▶ _Records for processing_
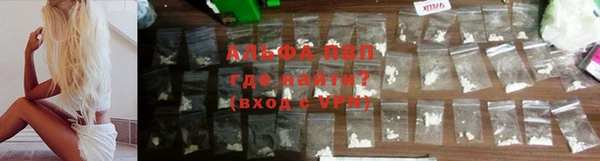 гидропоника Бородино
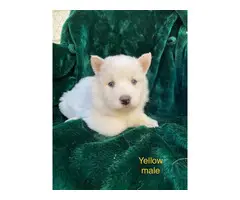 5 Alusky male puppies for sale - 4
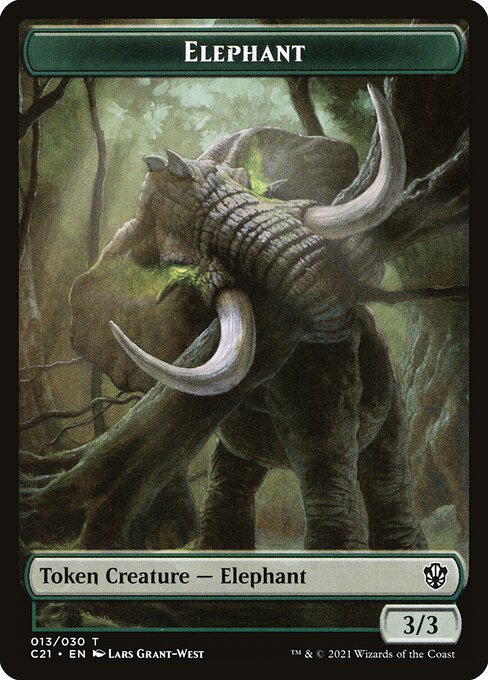 Elephant 13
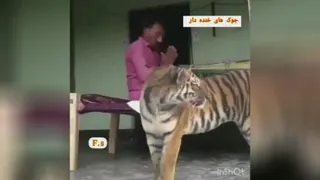 طنز باحال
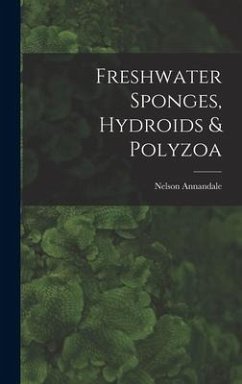 Freshwater Sponges, Hydroids & Polyzoa - Annandale, Nelson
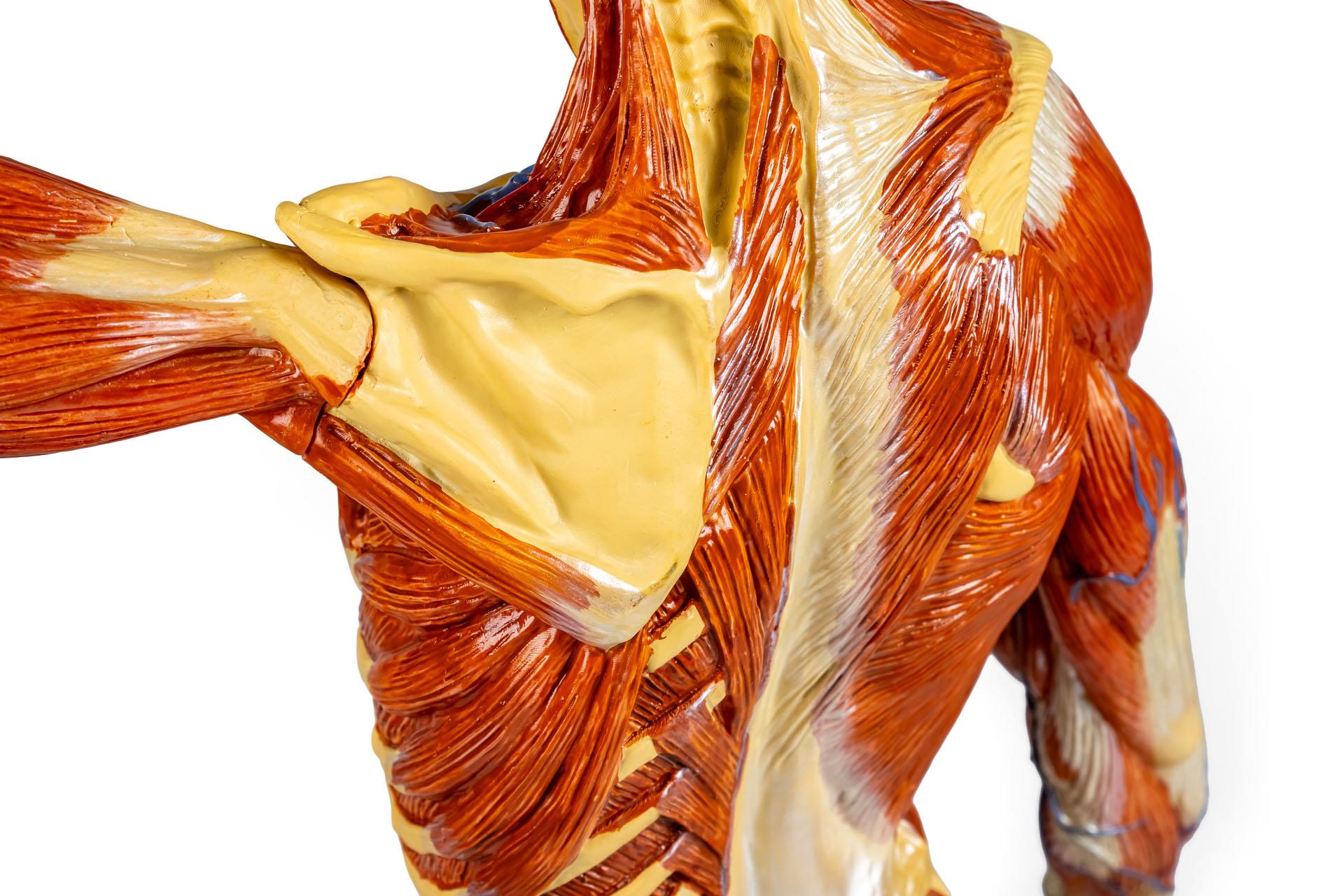 Muscular-figure-1-3-natural-size-9
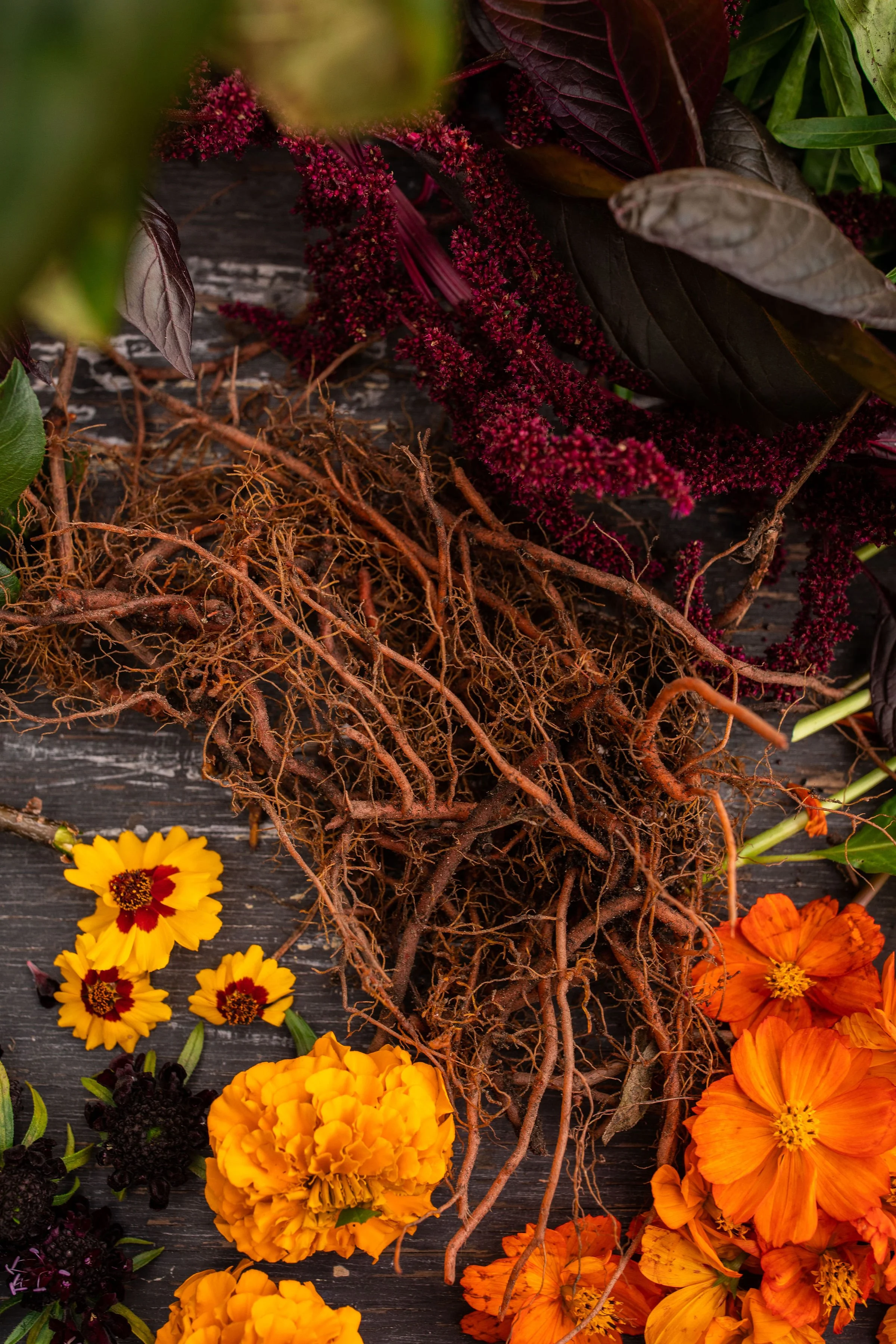 DyeFlowersRoots.jpeg
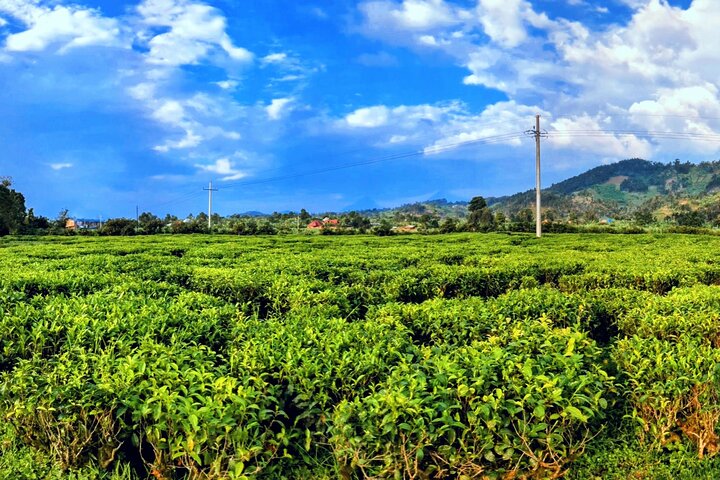 Lake Kivu Coffee Tea, Pottery and Bee Keeping Experiences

▶ _Task to complete_
Write out exactly, with no pictures, each line from the one containing "DyeFlowersRoots.jpeg" through the last line of the listing above, both included.

▶ _Solved exercise_
 DyeFlowersRoots.jpeg
 Lake Kivu Coffee Tea, Pottery and Bee Keeping Experiences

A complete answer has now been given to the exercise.